Ever looked at Adidas’ symbol as a mountain? Well, that’s exactly what it’s supposed to mean. The three stripes, which were part of the original logo in 1967, never really meant anything. It was just supposed to be unique. In the ’90s, though, they slanted the stripes so that it would represent a mountain, which stands for the obstacles people need to overcome. After all, impossible is nothing.
While the arrow does look like a smiley, that’s not what it stands for. Notice how the arrow is pointing from the ‘a’ to the ‘z’? This represents the fact that Amazon provides a variety of items for sale, literally from A to Z.
If you thought the apple had anything to do with Newton’s law of gravity, you’re wrong. However, if you thought that the Apple logo had to do with the creation story of Adam and Eve, then you guessed correctly. It represents the forbidden fruit from the “Tree of Knowledge”.
Four hoops. Just a plain and simple design, right? Well, wrong. In fact, each of these hoops stands for the 4 founding companies of the Auto-Union Consortium way back in 1932 – DKW, Horch, Wanderer and Audi.

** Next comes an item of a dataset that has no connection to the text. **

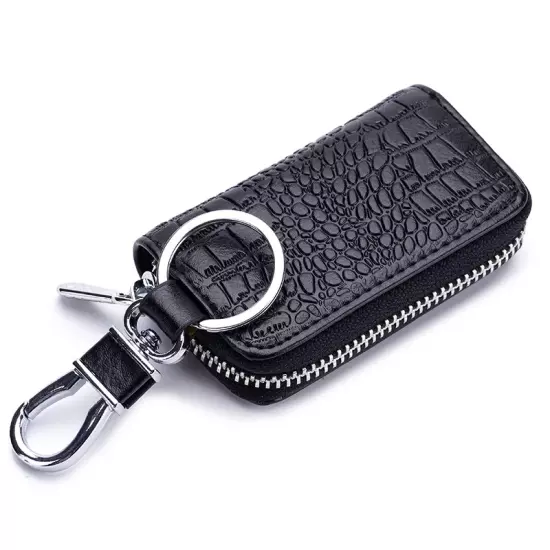 Mini Key Holder for Car Keys Wallet Pouch Bag Premium Leather Keychain Housekeep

BMW has a history in aviation and its logo actually stays true to its roots. The blue and white represent a propeller in motion with the sky peeking through. In fact, BMW had a role in World War II as a creator of aircraft engines for the German military. Pretty cool, ain’t it?
The Google logo has four primary colors in a row before it’s broken by a secondary color. Actually, Google wanted to show that they don’t play by the rules and are also playful without making the symbol bulky. To do that, they just used simple letters and colors.
The FedEx logo is an interesting one! At first glance, all you can really notice are the two different colors. But if you look closely, you can see an arrow is created between the spaces of the letter ‘E’ and ‘X’, representing the company’s forward-thinking ways and outlook towards the future.
The white lines passing through give the appearance of the ‘equal to’ sign in the lower right corner, representing equality. In fact, IBM’s logo has a hidden message for the whole world hidden in the big blue logo that represents its company.
Yes, it really means “M” for McDonald’s and there really isn’t any other meaning McDonald’s had intended. Instead, it came to mean something unintentionally by customers, at least according to design consultant and psychologist Louis Cheskin. In the ’60s, McDonald’s wanted to change their logo but Cheskin insisted on leaving the golden arches. He said it’s because customers unconsciously recognise the logo as “symbolism of a pair of nourishing breasts” (via BBC). Whether we unconsciously believe this or not, Cheskin convinced them and now the logo is one of the most recognisable in the world. I personally, never have, and never will see them as breasts of any form.
The Mercedes-Benz logo is the most confident one of the bunch. The tri-star is representative of the company’s dominance in quality and style over all things land, sea and air.
In 2008, Pepsi spent $1 million to pay Arnell Associates to come up with the new logo (the old is on the left and the new, on the right). As a result, Pepsi had to pay millions more to re-brand everything. Then Arnell’s document was leaked and it was entitled, “Breathtaking Design Strategy.” It proposes that the new logo is some kind of Da Vinci Code. According to Arnell’s document, the Pepsi logo draws on Feng Shui, the Renaissance, the Earth’s Geodynamo, the theory of relativity, the universe, and more.The Pepsi logo is the key to the universe. All this, and still 2nd to Coke. Ouch!
The three ellipses that are found in the logo for Toyota represent three hearts: the heart of the customer, the heart of the product, and the heart of progress in the field of technology. Aw, so sweet Toyota.
Volkswagen keeps its logo very simple, but heartwarming as well. The ‘V’ and the ‘W’ can easily be seen. ‘Volks’, in German, means people, while ‘Wagen’ means car. It’s the car for the people! Can’t get simpler than this.